Work to be completed:
What you return must match, exactly, the lines running from the one containing "(masterpiece, best quality, 4k), Engine" to the end of the data, both included, and must contain no pictures.

Provided material:
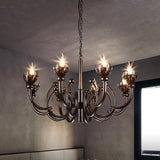 Adjustable Rustic 8-Light Chandelier With Industrial Candle Design
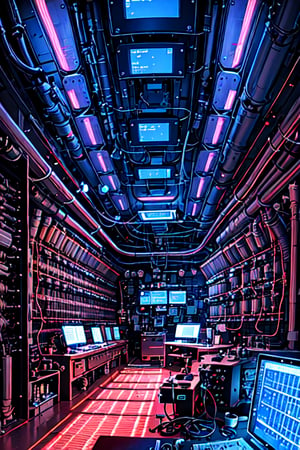 (masterpiece, best quality, 4k), Engine Room, The heart of the spaceship, where the engines and power systems are housed, The room is filled with the hum of machinery, and the walls are lined with pipes, cables, and control panels monitoring the ship's energy output, Large turbines, coolant tanks, a tool chest for repairs, and a central control panel with flashing indicators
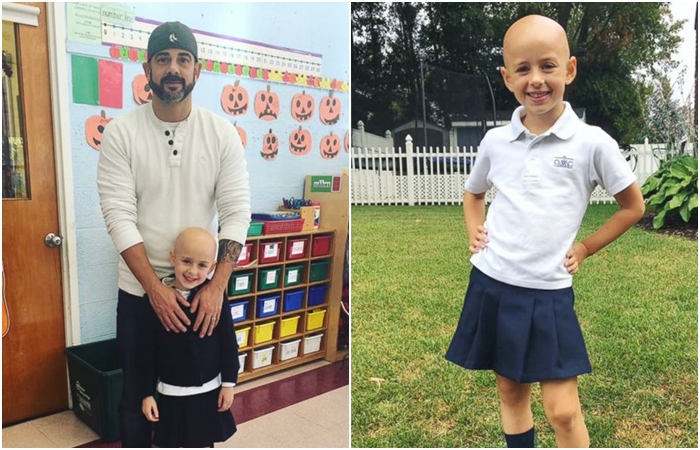 Palec nahoru! Táta si oholil hlavu, aby se jeho nemocná holčička cítila lépe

Answer to this task:
 (masterpiece, best quality, 4k), Engine Room, The heart of the spaceship, where the engines and power systems are housed, The room is filled with the hum of machinery, and the walls are lined with pipes, cables, and control panels monitoring the ship's energy output, Large turbines, coolant tanks, a tool chest for repairs, and a central control panel with flashing indicators
 Palec nahoru! Táta si oholil hlavu, aby se jeho nemocná holčička cítila lépe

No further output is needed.